DISPATCHES FROM
AMERICA Oh vote, all ye
faithful By Ira Chernus
It's a presidential campaign like no
other. The candidates have been falling all over
each other in their rush to declare the depth and
sincerity of their religious faith. The pundits
have been just as eager to raise questions that
seem obvious and important: Should we let
religious beliefs influence the making of law and
public policy? If so, in what way and to what
extent? Those questions, however, assume that
candidates bring the subject of faith into the
political arena largely to justify - or turn up
the heat under - their policy positions. In fact,
faith talk often has little to do
with
candidates' stands on the issues.
There's something else going on here.
Look
at the TV ad that brought Mike Huckabee out of
obscurity in Iowa, the one that identified him as
a "Christian Leader" who proclaims: "Faith doesn't
just influence me. It really defines me." That ad
did indeed mention a couple of actual political
issues - the usual suspects, abortion and gay
marriage - but only in passing. Then Huckabee
followed up with a red sweater-themed Christmas ad
that actively encouraged voters to ignore the
issues. We're all tired of politics, the kindly
pastor indicated. Let's just drop all the policy
stuff and talk about Christmas and Christ.
Ads like his aren't meant to argue policy.
They aim to create an image - in this case, of a
good Christian with a steady moral compass who
sticks to his principles. At a deeper level,
faith-talk ads work hard to turn the candidate -
whatever candidate - into a bulwark of solidity, a
symbol of certainty; their goal is to offer
assurance that the basic rules for living remain
fixed, objective truths, as true as religion.

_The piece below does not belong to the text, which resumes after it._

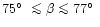 $75\hbox{$^\circ$ }\mathrel{\mathchoice {\vcenter{\offinterlineskip\halign{\hfil...
...ip\halign{\hfil$\scriptscriptstyle ...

In a time when the world seems like a
shaky place - whether you have a child in Iraq, a
mortgage you may not be able to meet, a pension
threatening to head south, a job evaporating under
you, a loved one battling drug or alcohol
addiction, an ex who just came out as gay or
born-again, or a president you just can't trust -
you may begin to wonder whether there is any moral
order in the universe. Are the very foundations of
society so shaky that they might not hold up for
long? Words about faith - nearly any words - speak
reassuringly to such fears, which haunt millions
of Americans.
These fears and the
religious responses to them have been a key to the
political success of the religious right in recent
decades. Randall Balmer, a leading scholar of
evangelical Christianity, points out that it's
offered not so much "issues" to mobilize around as
"an unambiguous morality in an age of moral and
ethical uncertainty".
Mormon Mitt Romney
was courting the
evangelical-swinging-toward-Huckabee vote when he,
too, went out of his way to link religion with
moral absolutes in his big Iowa speech on faith.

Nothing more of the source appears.